Find the line that contains "RRP £34.69 PETEPELA Dog Steps for Bed", then repeat it and each line after it to the end of the records, exactly.

[[ DATA SUPPLIED open ]]

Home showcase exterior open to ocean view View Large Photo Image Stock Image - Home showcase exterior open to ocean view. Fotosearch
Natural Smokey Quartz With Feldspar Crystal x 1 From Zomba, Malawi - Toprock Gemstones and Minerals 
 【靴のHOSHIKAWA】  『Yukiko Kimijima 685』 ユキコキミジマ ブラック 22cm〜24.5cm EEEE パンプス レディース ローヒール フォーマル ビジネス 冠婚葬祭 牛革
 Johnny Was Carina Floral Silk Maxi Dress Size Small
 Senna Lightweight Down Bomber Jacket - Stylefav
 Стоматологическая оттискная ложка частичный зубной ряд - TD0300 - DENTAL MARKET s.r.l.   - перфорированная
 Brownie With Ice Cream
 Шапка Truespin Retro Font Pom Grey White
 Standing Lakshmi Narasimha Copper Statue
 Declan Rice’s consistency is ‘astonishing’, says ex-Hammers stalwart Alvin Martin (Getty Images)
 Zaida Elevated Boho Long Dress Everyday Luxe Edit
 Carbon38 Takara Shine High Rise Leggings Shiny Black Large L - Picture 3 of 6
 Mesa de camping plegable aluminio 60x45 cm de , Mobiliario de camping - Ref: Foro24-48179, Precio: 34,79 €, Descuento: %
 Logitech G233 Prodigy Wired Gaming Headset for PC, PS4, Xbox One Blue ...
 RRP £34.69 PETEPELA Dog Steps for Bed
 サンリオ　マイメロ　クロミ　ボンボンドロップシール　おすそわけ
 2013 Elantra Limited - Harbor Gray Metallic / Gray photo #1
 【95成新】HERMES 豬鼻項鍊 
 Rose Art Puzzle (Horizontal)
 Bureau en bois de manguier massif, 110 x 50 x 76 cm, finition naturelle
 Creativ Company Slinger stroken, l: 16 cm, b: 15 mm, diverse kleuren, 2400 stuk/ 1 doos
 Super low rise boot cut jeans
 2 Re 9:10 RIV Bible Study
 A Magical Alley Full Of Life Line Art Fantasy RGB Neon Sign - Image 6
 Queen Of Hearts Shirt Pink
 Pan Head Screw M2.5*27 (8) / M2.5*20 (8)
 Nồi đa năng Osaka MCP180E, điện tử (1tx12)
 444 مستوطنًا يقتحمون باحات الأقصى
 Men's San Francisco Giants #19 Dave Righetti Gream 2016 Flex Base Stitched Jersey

[[ DATA SUPPLIED closed ]]

EXERCISE ANSWER:
 RRP £34.69 PETEPELA Dog Steps for Bed
 サンリオ　マイメロ　クロミ　ボンボンドロップシール　おすそわけ
 2013 Elantra Limited - Harbor Gray Metallic / Gray photo #1
 【95成新】HERMES 豬鼻項鍊 
 Rose Art Puzzle (Horizontal)
 Bureau en bois de manguier massif, 110 x 50 x 76 cm, finition naturelle
 Creativ Company Slinger stroken, l: 16 cm, b: 15 mm, diverse kleuren, 2400 stuk/ 1 doos
 Super low rise boot cut jeans
 2 Re 9:10 RIV Bible Study
 A Magical Alley Full Of Life Line Art Fantasy RGB Neon Sign - Image 6
 Queen Of Hearts Shirt Pink
 Pan Head Screw M2.5*27 (8) / M2.5*20 (8)
 Nồi đa năng Osaka MCP180E, điện tử (1tx12)
 444 مستوطنًا يقتحمون باحات الأقصى
 Men's San Francisco Giants #19 Dave Righetti Gream 2016 Flex Base Stitched Jersey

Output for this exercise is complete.